Container types

There are several default containers in Python which allow a single variable to contain multiple variables. Many specialised ones exist in the Python standard library but the four built-in ones are:
- Lists
- Tuples
- Dictionaries
- Sets

Lists

These are ordered containers for variables. They are similar to arrays in C but more closely resemble vectors in C++. They can contain any number or type of Python objects and a list does not have to contain only one type of Python object.
As mentioned previously, some Python objects are mutable, meaning that their value can be altered without copying to a new Python object. Lists are one of these mutable objects.
You can add, remove and change the objects in a list at will and it will change size to accomodate the elements dynamically.
You can access individual elements of a list by using its index. In Python indices always start at zero like C.



In [1]:

    
l = []  # Can create an empty list
l = ["a","b","c","d","e","f"]  # Defining a simple list of strings
print(l)  # Like all Python objects you can print them directly for information
print(l[0])  # Accessing an index directly uses '[i]' notation
print(l[4])









    



['a', 'b', 'c', 'd', 'e', 'f']
a
e



In [2]:

    
l.append("g")  # The append member function (or 'method') let's you add an element
               # to the end of the list.
print(l)









    



['a', 'b', 'c', 'd', 'e', 'f', 'g']

Firstly, note that the append() method is called from the list variable, it is not an outside function taking a list as an argument like the print function.
Now the important difference in behaviour between the append() and extend() methods.



In [3]:

    
l = ["a","b","c","d","e","f"]
l.append(["g","h","i","j"])  # Appending a list to a list
print(l)
print()
l = ["a","b","c","d","e","f"]
l.extend(["g","h","i","j"])  # Extending a list
print(l)









    



['a', 'b', 'c', 'd', 'e', 'f', ['g', 'h', 'i', 'j']]
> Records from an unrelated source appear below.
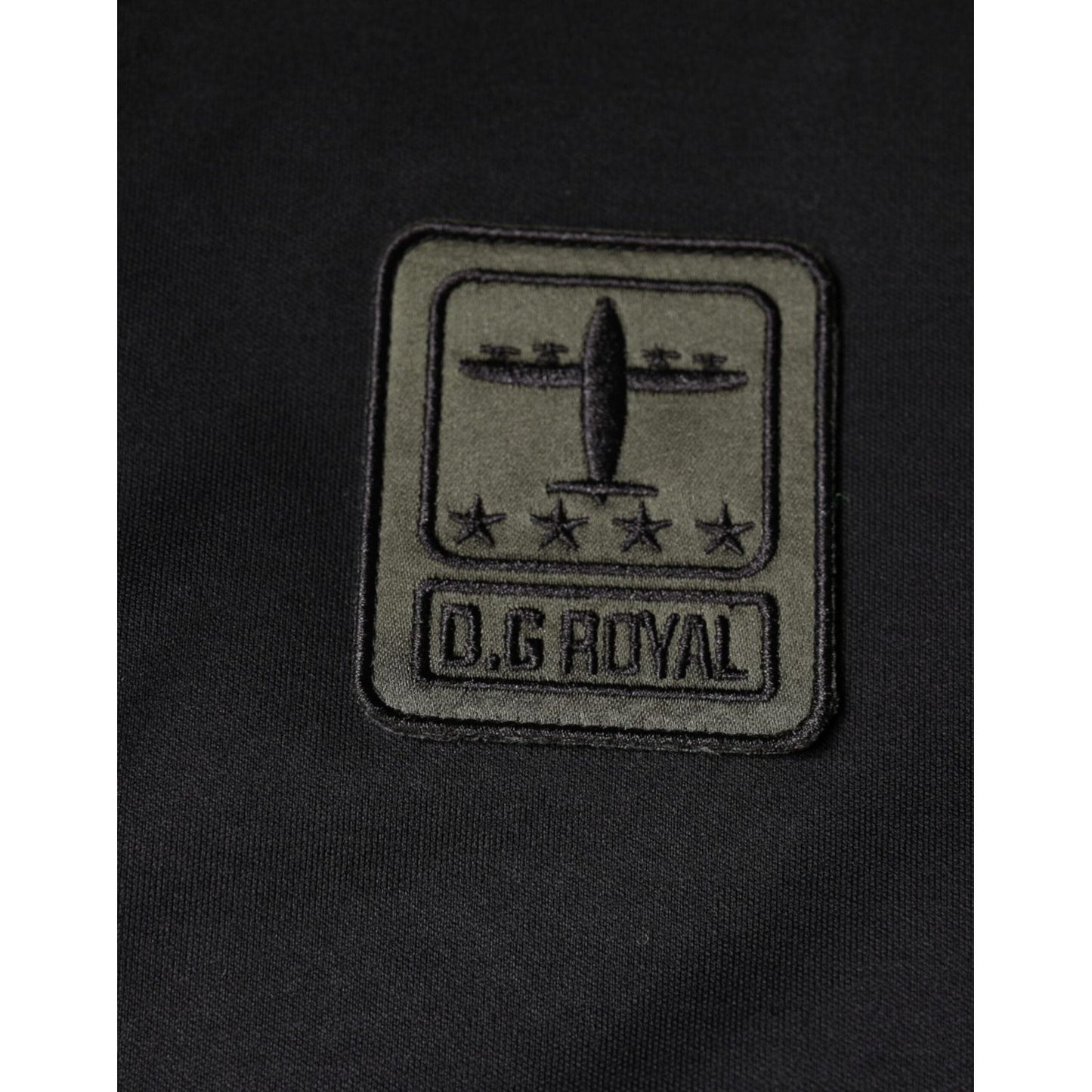 Dolce & Gabbana camouflage patch detail on black t-shirt, featuring D.G Royal logo design with airplane and stars. Fashion detail.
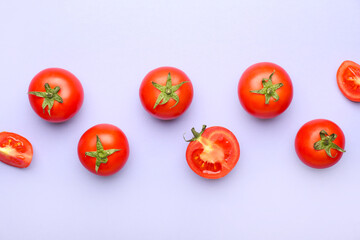 Fresh ripe tomatoes on color background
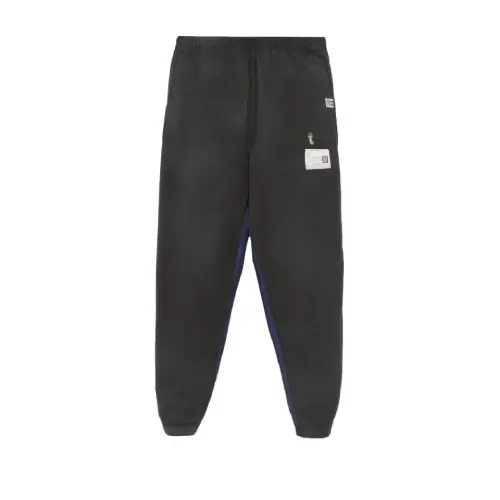 Front view of Maison Mihara Yasuhiro Patch-Detail Track Pants with designer patch accents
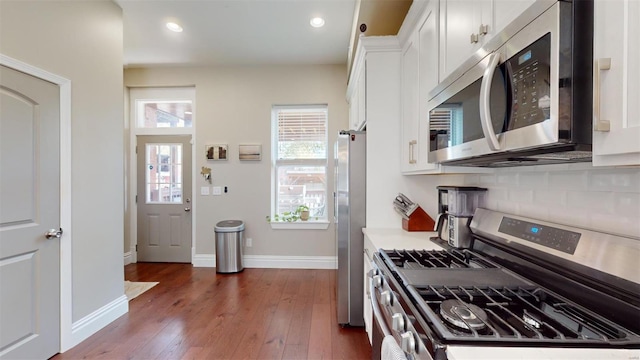 kitchen with tasteful backsplash, stainless steel appliances, dark hardwood / wood-style floors, and white cabinets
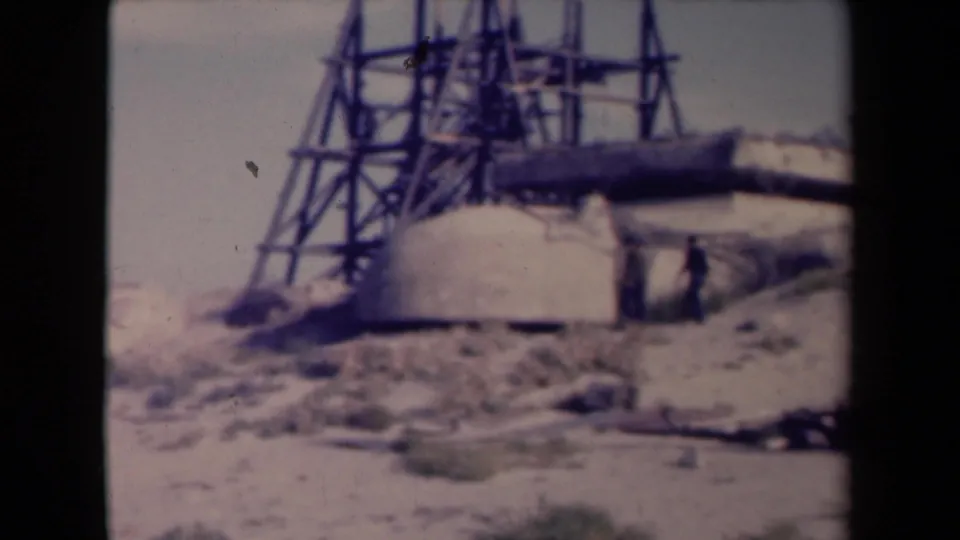 1945 France frame showing two distant men beside a concrete defensive structure, with sandy ground and metal scaffolding visible.
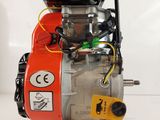 an orange and black engine sitting on top of a white table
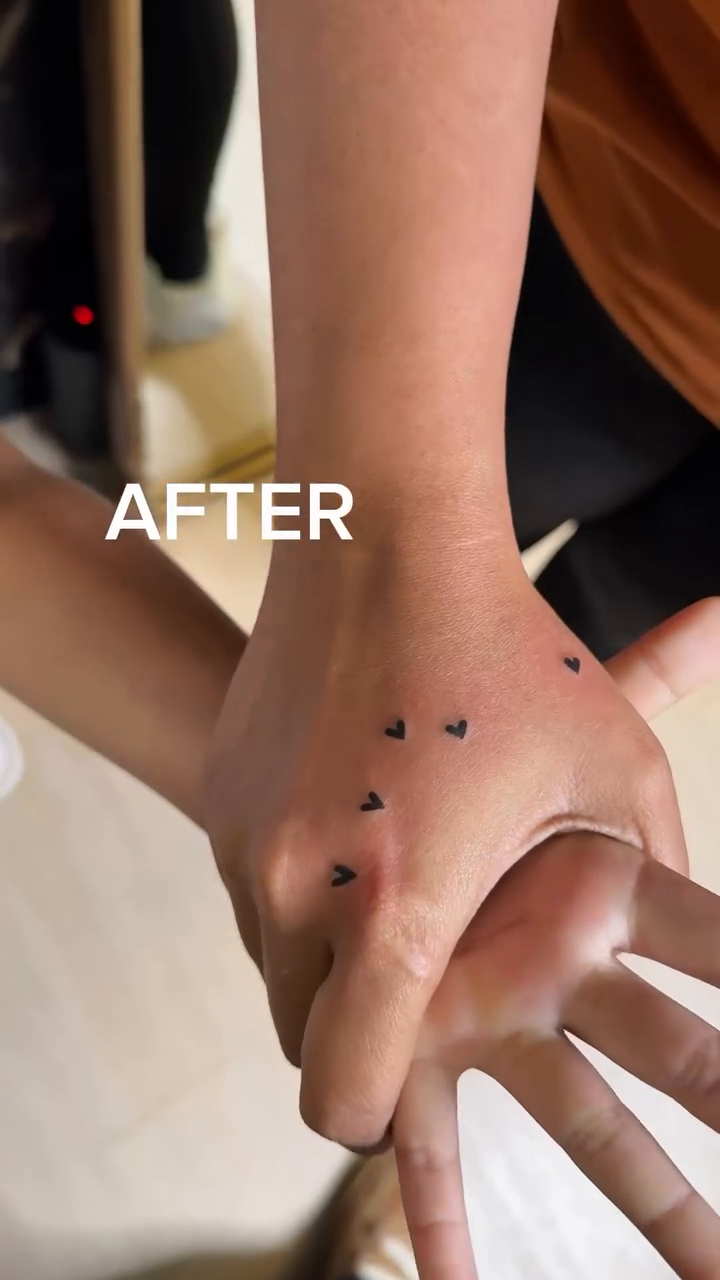 Small hearts on hand minimalist tattoo on the hand by Fineline Tattoos π€ Hailey L.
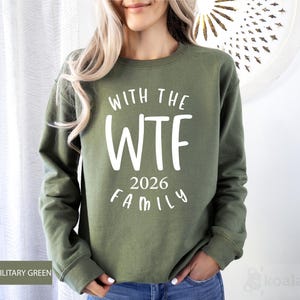 A woman wearing a green sweatshirt with the text "WTF 2026 FAMILY" printed on it.
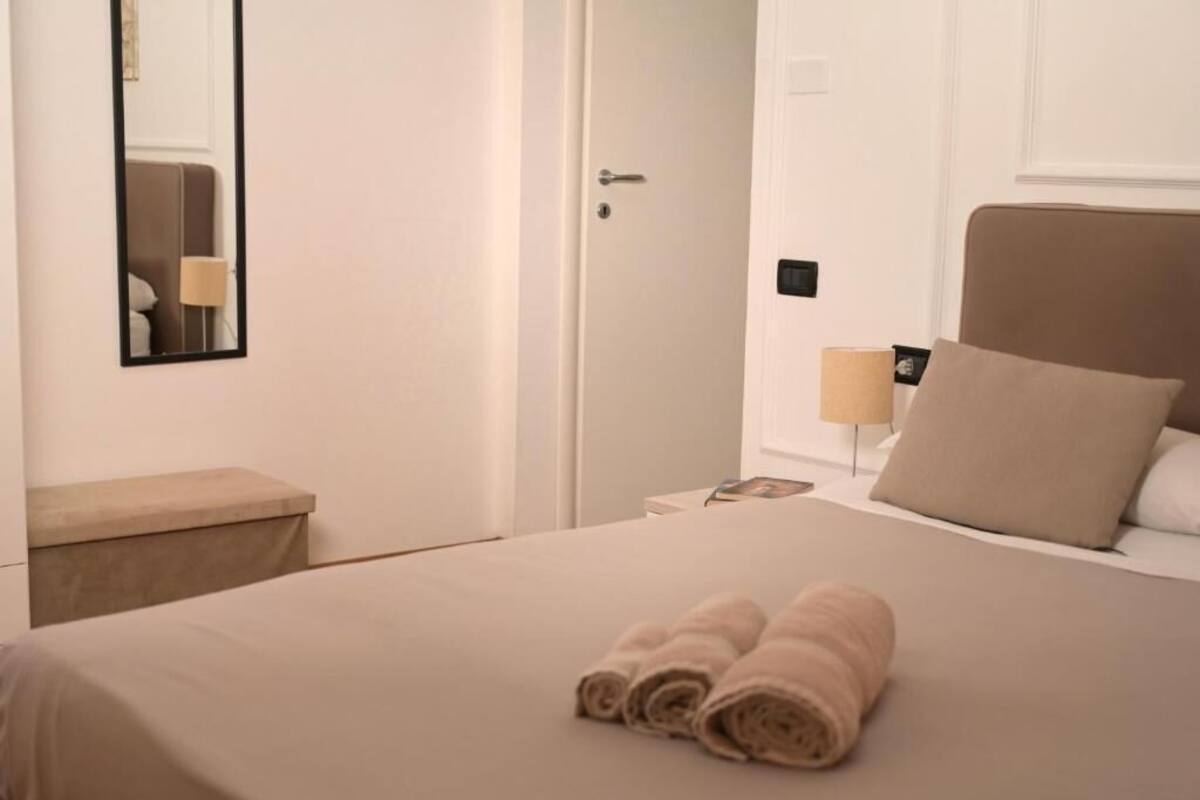 Een hotelkamer met een bed, nachtkastje, lamp en een deur.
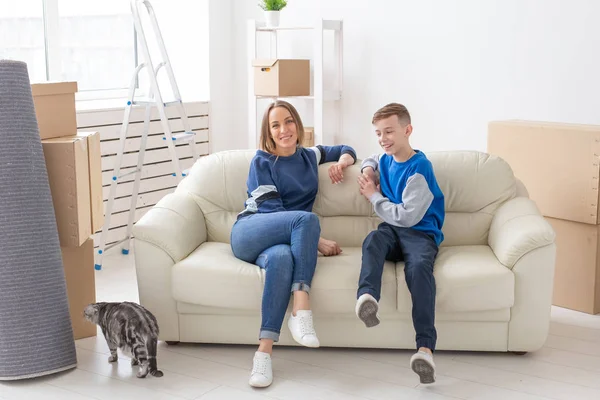 Satisfeito feliz caucasiano mãe e filho comunicam alegremente discutindo o deisgn do novo apartamento durante a festa de inauguração com seu gato escocês . — Fotografia de Stock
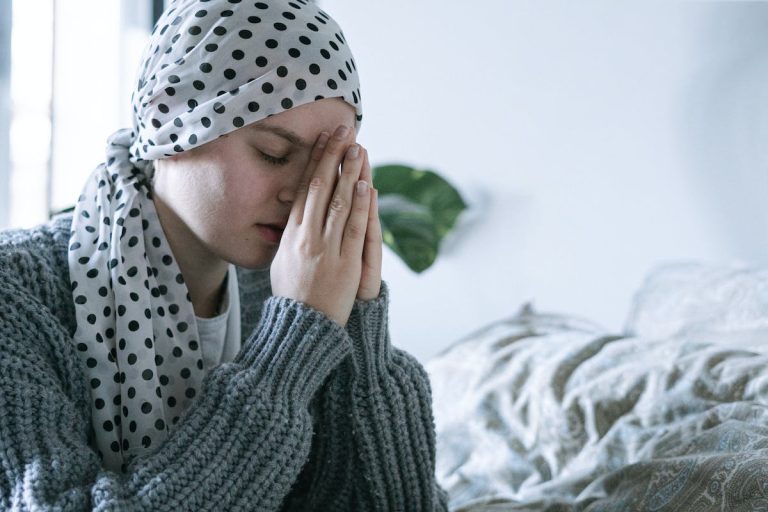 woman with cancer praying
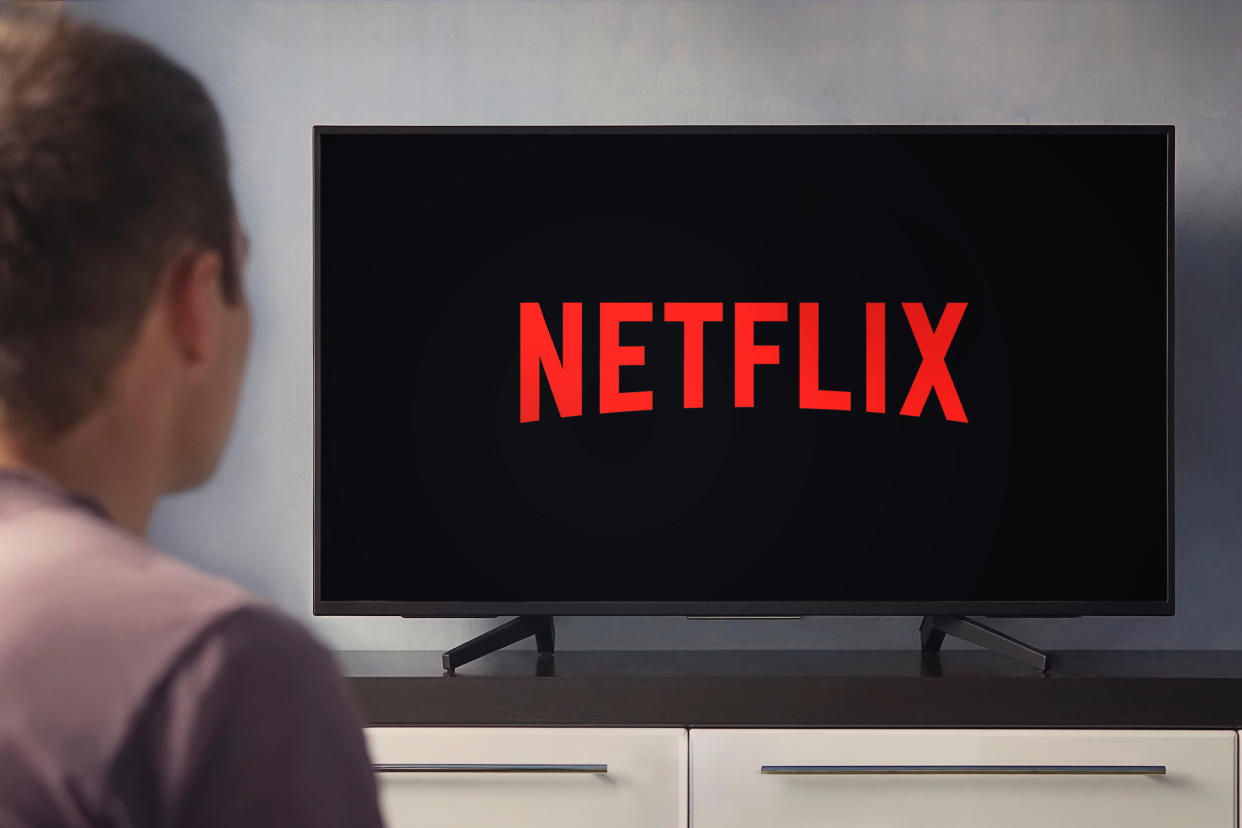  Man watching Netflix on TV. 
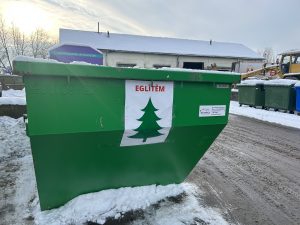 Zaļš konteiners Ziemassvētku eglītēm Jēkabpils novadā pie daudzdzīvokļu mājām ziemā
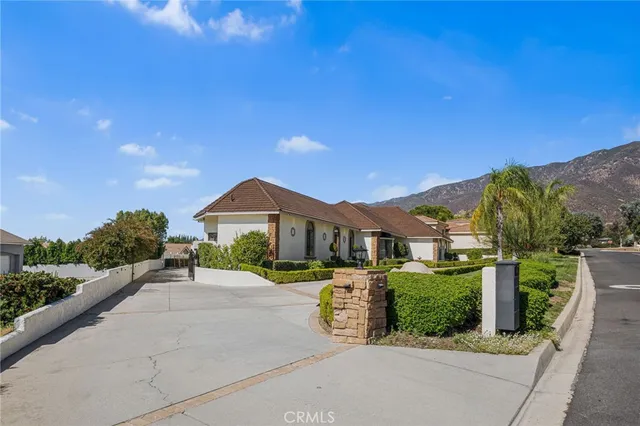 an aerial view of residential house with outdoor space and parking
['a', 'b', 'c', 'd', 'e', 'f', 'g', 'h', 'i', 'j']

Appending will always put whatever Python object at the end of the list, even if it's another list.
The extend method only takes a list as an argument. It then loops through the elements of the list and appends each element in turn.
You can also insert/remove an element at an index and remove specific valued elements.



In [4]:

    
l = ["a","c"]
print(l)
l.insert(1,"b")  # Puts object at an index and shunts all equal and higher elements upwards
print(l)

# You can query what the index is for a particular value
print(l.index("c"))

# Now what happens when you remove a value at an index
popped = l.pop(2)  # the 'pop(2)' actually returns the value of the removed object
print(l)
print(popped)
# Could have used 'pop()' with no argument to remove the last element by default.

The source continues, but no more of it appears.